Stored items
◆ ◆ ◆ ◆ ◆ ◆ ◆
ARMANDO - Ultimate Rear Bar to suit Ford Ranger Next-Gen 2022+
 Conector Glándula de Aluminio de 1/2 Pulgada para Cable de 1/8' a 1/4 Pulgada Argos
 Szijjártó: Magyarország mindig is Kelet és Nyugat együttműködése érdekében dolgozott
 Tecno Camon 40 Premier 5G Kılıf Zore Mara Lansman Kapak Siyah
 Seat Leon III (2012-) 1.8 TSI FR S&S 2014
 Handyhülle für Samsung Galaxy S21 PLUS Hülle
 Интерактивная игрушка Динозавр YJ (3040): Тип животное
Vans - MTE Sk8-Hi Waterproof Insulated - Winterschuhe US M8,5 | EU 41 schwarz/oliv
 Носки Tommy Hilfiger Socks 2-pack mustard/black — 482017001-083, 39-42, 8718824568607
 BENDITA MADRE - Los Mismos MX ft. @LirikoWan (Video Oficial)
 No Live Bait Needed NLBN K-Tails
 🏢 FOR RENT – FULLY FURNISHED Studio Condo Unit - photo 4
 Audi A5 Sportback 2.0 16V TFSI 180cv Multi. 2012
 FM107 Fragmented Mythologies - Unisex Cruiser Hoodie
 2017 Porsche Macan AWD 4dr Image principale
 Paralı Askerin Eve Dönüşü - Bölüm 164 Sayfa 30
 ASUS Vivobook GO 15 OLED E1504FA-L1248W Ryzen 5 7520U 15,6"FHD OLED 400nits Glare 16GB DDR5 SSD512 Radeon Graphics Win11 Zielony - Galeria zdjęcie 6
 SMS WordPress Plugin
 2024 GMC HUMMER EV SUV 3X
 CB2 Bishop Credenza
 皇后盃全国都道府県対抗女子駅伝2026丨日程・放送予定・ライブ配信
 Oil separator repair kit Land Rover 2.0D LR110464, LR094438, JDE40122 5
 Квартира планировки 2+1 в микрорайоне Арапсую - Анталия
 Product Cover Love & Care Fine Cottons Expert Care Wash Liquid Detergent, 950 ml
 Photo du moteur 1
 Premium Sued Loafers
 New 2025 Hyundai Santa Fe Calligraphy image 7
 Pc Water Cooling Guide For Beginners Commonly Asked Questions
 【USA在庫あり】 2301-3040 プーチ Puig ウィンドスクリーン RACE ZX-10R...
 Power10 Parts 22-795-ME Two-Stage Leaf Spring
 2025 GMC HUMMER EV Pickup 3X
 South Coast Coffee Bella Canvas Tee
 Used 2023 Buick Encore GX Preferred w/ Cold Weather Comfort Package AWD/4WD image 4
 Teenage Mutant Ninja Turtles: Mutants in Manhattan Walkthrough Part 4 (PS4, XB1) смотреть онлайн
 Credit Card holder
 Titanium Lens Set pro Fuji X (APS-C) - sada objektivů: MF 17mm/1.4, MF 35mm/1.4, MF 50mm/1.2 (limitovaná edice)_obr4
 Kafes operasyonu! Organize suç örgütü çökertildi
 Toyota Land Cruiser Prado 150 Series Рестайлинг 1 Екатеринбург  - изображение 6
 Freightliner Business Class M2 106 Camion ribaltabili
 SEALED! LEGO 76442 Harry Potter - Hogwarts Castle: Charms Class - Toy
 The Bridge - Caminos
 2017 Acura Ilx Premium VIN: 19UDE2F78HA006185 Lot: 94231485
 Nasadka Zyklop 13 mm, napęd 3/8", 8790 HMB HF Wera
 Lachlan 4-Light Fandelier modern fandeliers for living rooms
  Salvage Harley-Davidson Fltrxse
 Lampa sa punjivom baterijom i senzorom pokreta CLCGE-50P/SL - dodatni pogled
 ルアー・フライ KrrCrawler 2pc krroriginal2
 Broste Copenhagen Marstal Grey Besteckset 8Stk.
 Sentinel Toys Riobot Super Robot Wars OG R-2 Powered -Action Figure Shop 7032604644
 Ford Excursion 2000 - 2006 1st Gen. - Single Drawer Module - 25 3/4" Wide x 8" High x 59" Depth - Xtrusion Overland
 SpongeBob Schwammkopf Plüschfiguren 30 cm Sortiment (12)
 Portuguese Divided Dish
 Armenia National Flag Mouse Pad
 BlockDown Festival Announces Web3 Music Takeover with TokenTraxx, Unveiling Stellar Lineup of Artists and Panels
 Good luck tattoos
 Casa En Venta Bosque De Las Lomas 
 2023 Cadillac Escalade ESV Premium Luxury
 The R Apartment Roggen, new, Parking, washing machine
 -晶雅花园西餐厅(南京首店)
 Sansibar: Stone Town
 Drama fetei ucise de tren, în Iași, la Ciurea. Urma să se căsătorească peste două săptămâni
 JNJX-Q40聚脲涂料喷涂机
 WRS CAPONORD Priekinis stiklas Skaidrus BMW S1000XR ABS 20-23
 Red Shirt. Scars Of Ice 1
◆ ◆ ◆ ◆ ◆ ◆ ◆
▶ Task objective
Please copy out each line of the data in which the word "Cruiser" occurs.

▶ Your solution
 FM107 Fragmented Mythologies - Unisex Cruiser Hoodie
 Toyota Land Cruiser Prado 150 Series Рестайлинг 1 Екатеринбург  - изображение 6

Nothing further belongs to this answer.